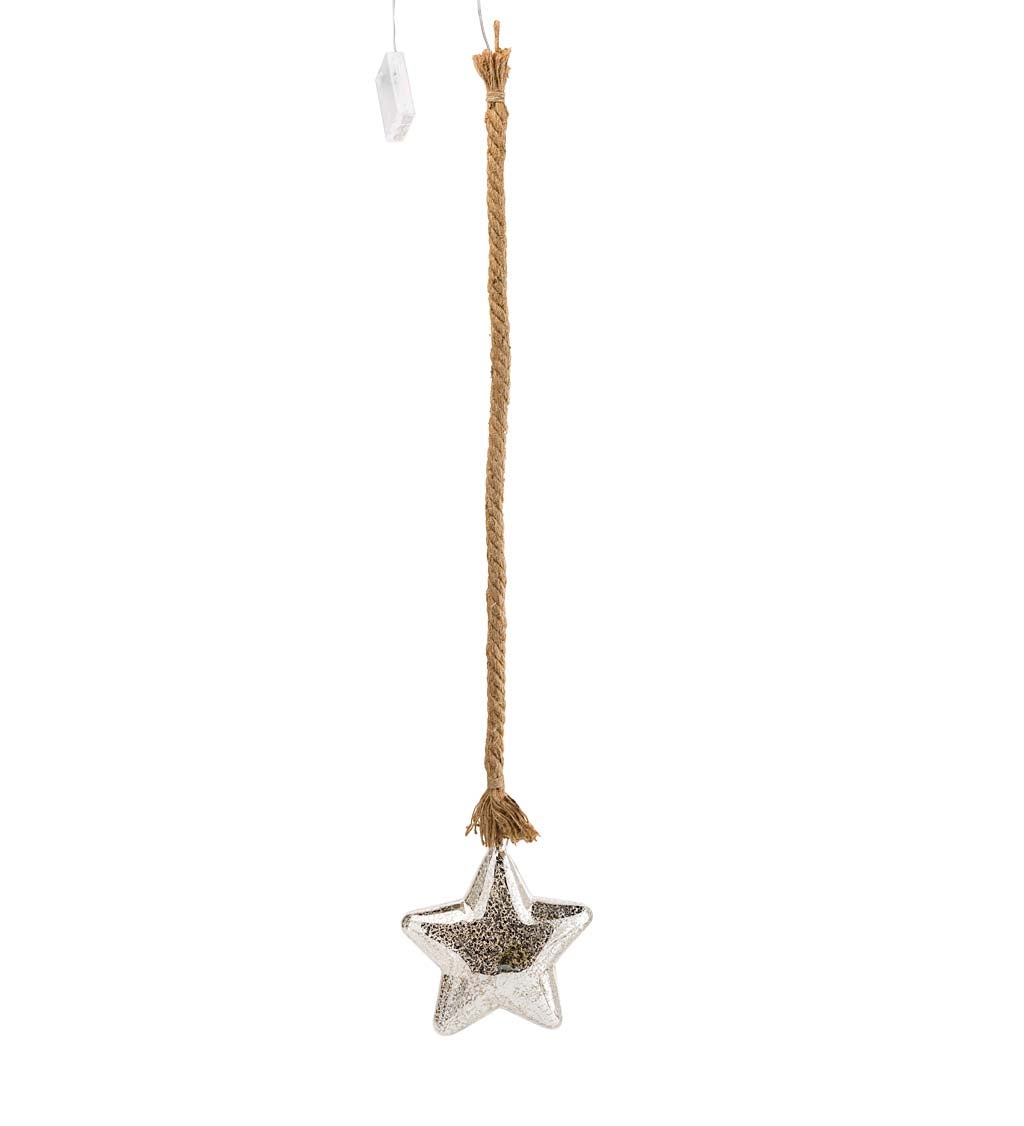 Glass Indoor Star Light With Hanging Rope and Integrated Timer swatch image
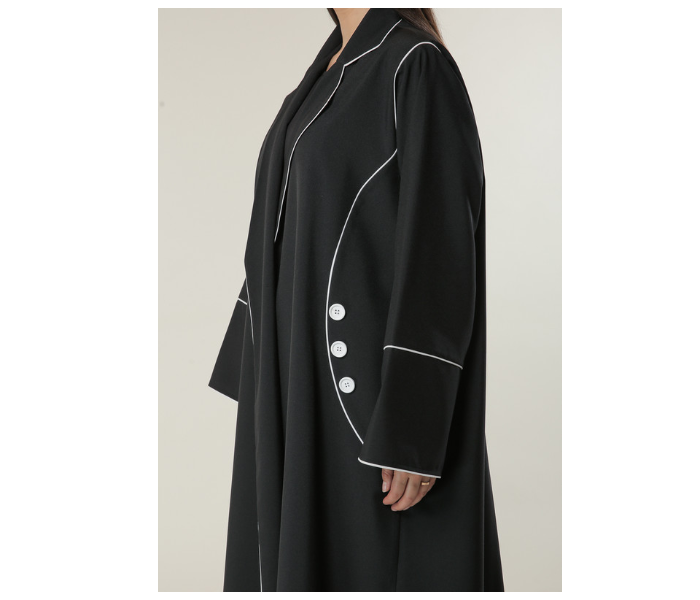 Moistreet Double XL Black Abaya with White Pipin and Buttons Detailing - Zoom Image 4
--
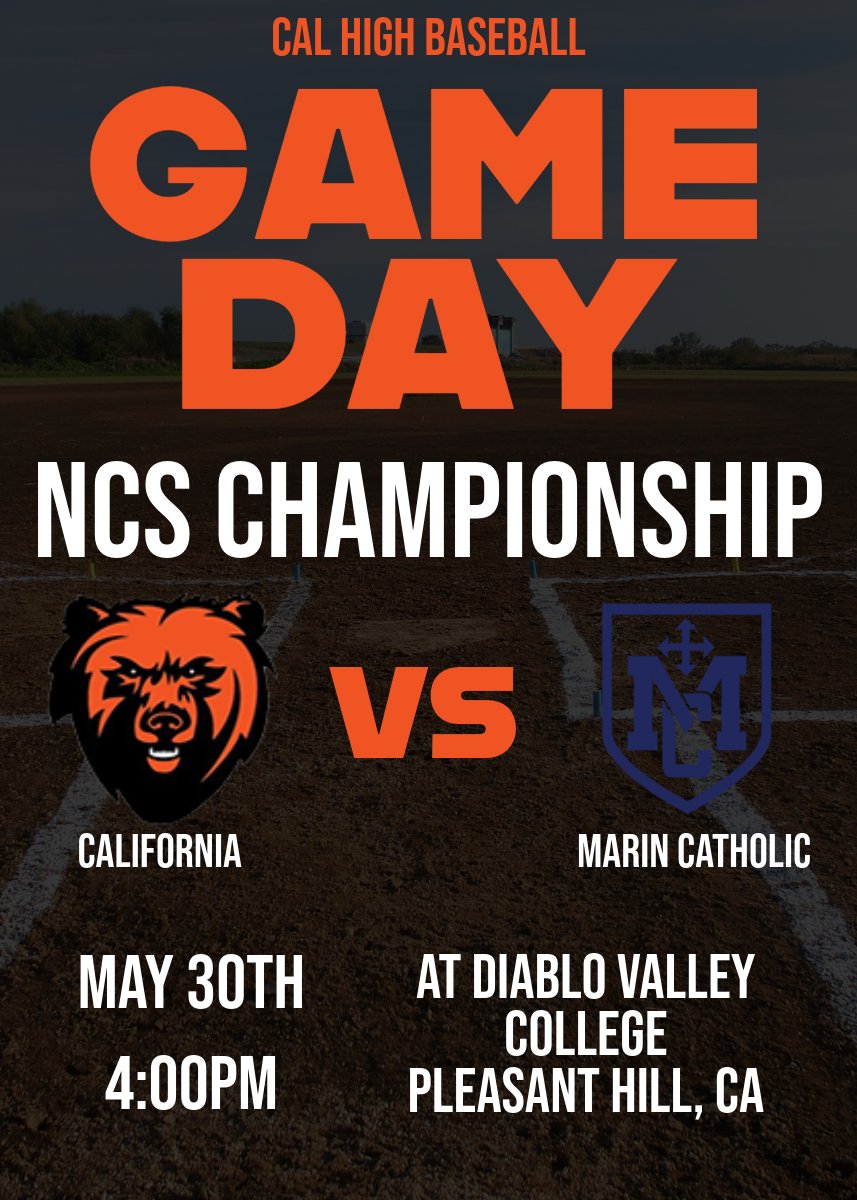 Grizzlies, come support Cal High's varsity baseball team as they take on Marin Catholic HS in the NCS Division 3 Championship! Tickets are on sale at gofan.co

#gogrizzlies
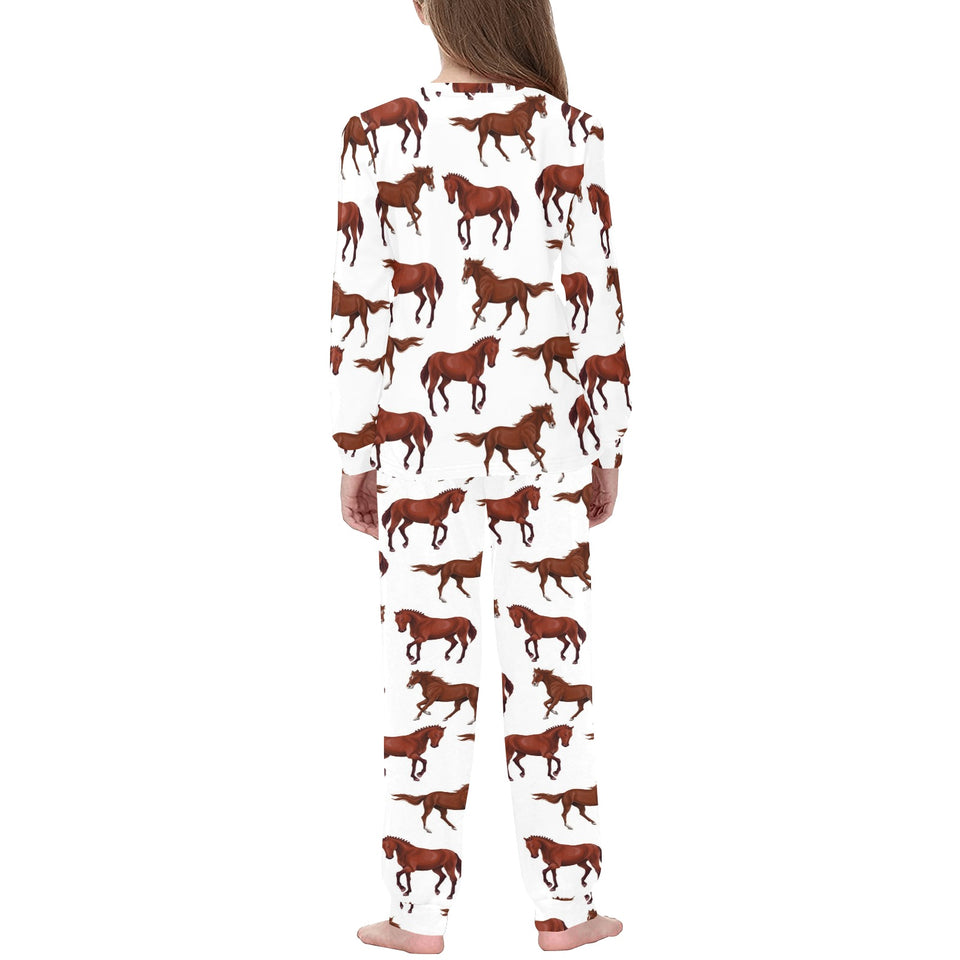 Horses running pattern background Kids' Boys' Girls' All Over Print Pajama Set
---
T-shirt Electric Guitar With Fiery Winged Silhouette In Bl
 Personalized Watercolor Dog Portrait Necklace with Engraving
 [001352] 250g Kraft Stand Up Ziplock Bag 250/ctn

Task description: Reproduce, exactly and only, the lines of the records above starting at the line with "#gogrizzlies" and ending at the line with "Horses running pattern", both included. Leave every picture out.

Result for this exercise:
#gogrizzlies
 Horses running pattern background Kids' Boys' Girls' All Over Print Pajama Set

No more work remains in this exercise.